El autor prosigue su deconstrucción del sionismo

El monstruo de tres patas

Gilad Atzmon
Palestine Think Tank


Traducción de Manuel Talens


Contrariamente a sus hermanos y hermanas cosmopolitas, que difunden el sionismo y el racismo tribal bajo un disfraz liberal y progresista, Melanie Philips no esconde sus cartas. Hace unos días definió claramente lo que es el sionismo:

"El sionismo”, escribe Philips, “es simplemente el movimiento para la autodeterminación del pueblo judío y su significación es mayor que la de cualquier otro movimiento de liberación nacional, porque el judaísmo se asienta sobre tres patas, el pueblo, la religión y la tierra. Si le cortan una al negarle legitimidad, se desploma. Por eso, el antisionismo es mucho más que una incómoda posición. Es un ataque directo al judaísmo.”

Philips no permite conjeturas. Para ella, no sólo el sionismo es un movimiento nacional legítimo, sino que “su significación es mayor que la de cualquier otro movimiento” por el hecho de apoyarse en “tres patas”. Si uno lo piensa, eso de apoyarse en tres patas tiene su importancia. Yo, por ejemplo, sólo me apoyo en dos y en poco más. A veces, desnudo frente al espejo, me encantaría ser el sionismo.

Tal como afirma Philips, el sionismo es una amalgama de tres ingredientes judíos: el pueblo, la tierra y la religión. Son estos ingredientes los que lo convierten en un victorioso relato ético. Es esa mezcla lo que transfiguró al sionismo en el identificador simbólico colectivo del pueblo judío en el siglo XX. Es el sionismo lo que se las ha arreglado para reinventar al pueblo judío como una nación con una lúcida aspiración ideológica, espiritual y geográfica. Pero si bien el sionismo tiene sentido para muchos judíos en todo el mundo, cada vez lo tiene menos para aquellos que no lo adoptan, es decir, el resto de la humanidad. La razón es muy sencilla: los judíos están en su derecho, si lo desean, de celebrar colectivamente sus síntomas, pero no tienen derecho alguno a hacerlo a expensas de los demás.
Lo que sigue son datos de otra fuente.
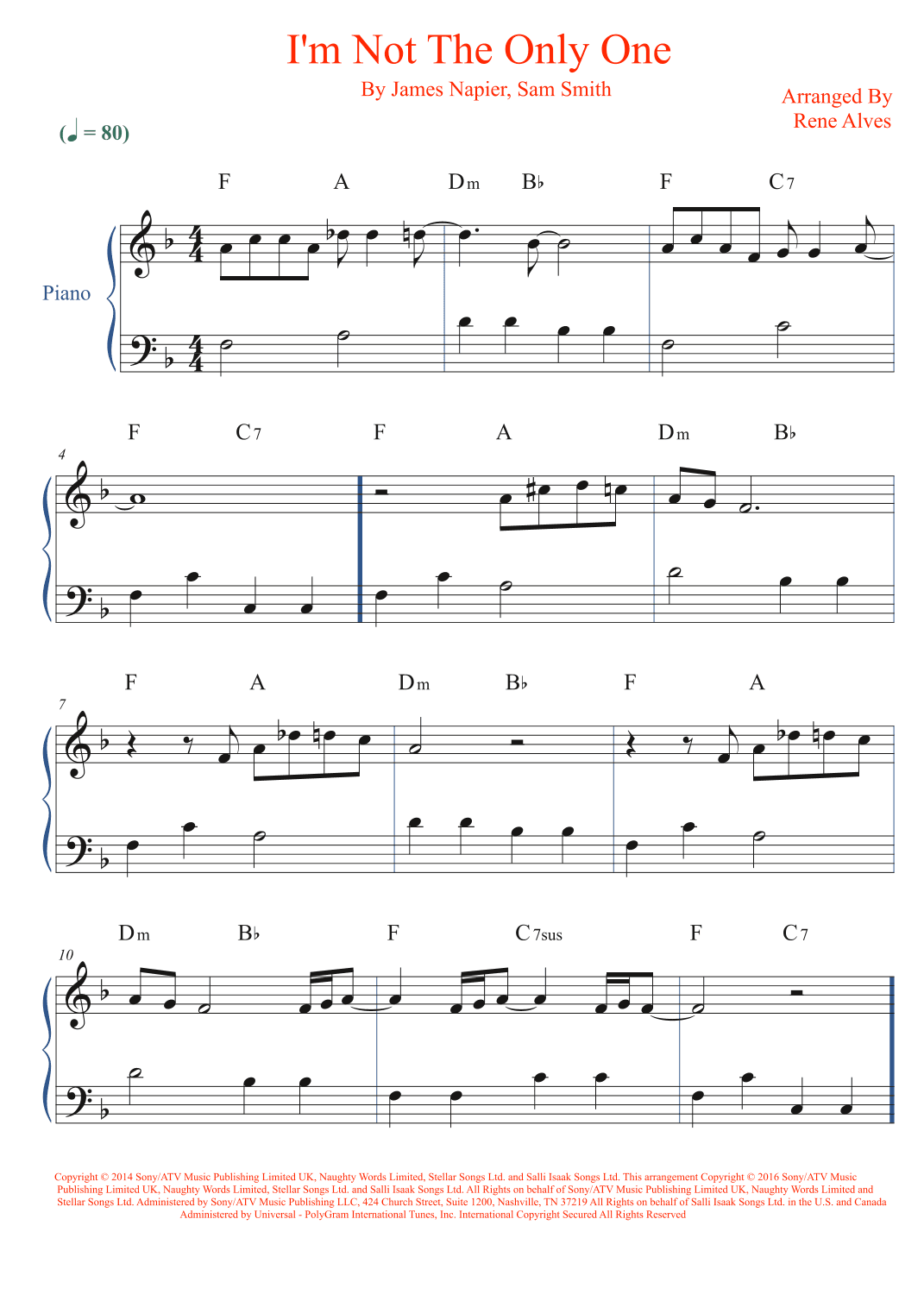 I'm Not The Only One (arr. Rene Alves)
El sionismo se las ha arreglado para interpretar el judaísmo como una brutal licencia que les permite robar y matar. Transformó un texto espiritual –la Torá– en un registro notarial. Inventó a los judíos como nación y, luego, le impuso a la recién nacida nación una inmoral apetencia geográfica con devastadoras implicaciones racistas y coloniales.

Vale la pena preguntarse cómo fue que el sionismo alcanzó tal éxito, cómo se las arregló para asesinar con impunidad y cómo ha logrado seguir asesinando durante tanto tiempo. A fin de cuentas, la mezcla letal de “tierra, religión y pueblo” es totalmente contraria al discurso cultural y político occidental de la posguerra, cuyos ingredientes son más bien “cosmopolitismo, multiculturalismo, multirreligiosidad y fronteras abiertas”.

Soy de la opinión que la ecuación de Philips, a saber, “sionismo es igual a judaísmo”, es la táctica sionista más eficaz posible, porque paraliza la mayor parte de las oposiciones humanistas al sionismo. La razón es bien obvia: los seres humanos éticos ordinarios no saben cómo arreglárselas con esa endiablada fórmula que los lleva a criticar un sistema de creencias religiosas.

Una manera de evitarlo consiste en negarse a aceptar la ecuación de Philips: “sionismo no equivale a judaísmo”, sino que es más bien una estrecha interpretación del judaísmo que recupera el depredador discurso bíblico y lo convierte en una práctica diaria; que se apodera de la noción moral judaica de “pueblo elegido” y la convierte en un crudo programa supremacista. Más que el judaísmo, lo que el sionismo representa es el rostro genuino de la ideología judía. Es racista, chovinista, tiene sed de poder; pero es distinto del judaísmo, porque el judaísmo gira en torno al temor de Dios, mientras que el sionismo no tiene miedo a nada ni a nadie. Por eso, es justo decir que oponerse al sionismo es oponerse a la ideología judía o a eso que yo defino como “judeidad”.

Hay que considerar que el sionismo se considera a sí mismo como un movimiento nacional ilustrado. Hasta cierto punto, como ideología y praxis, trata de conocerse a sí mismo, busca explicaciones o, al menos, justificaciones racionales e históricas (nunca éticas). Debo añadir que la argumentación que ofrece Melanie Philips es coherente. Según ella, “eso es lo que somos”, así que si nos lo quitan nos están privando de nuestra razón de ser.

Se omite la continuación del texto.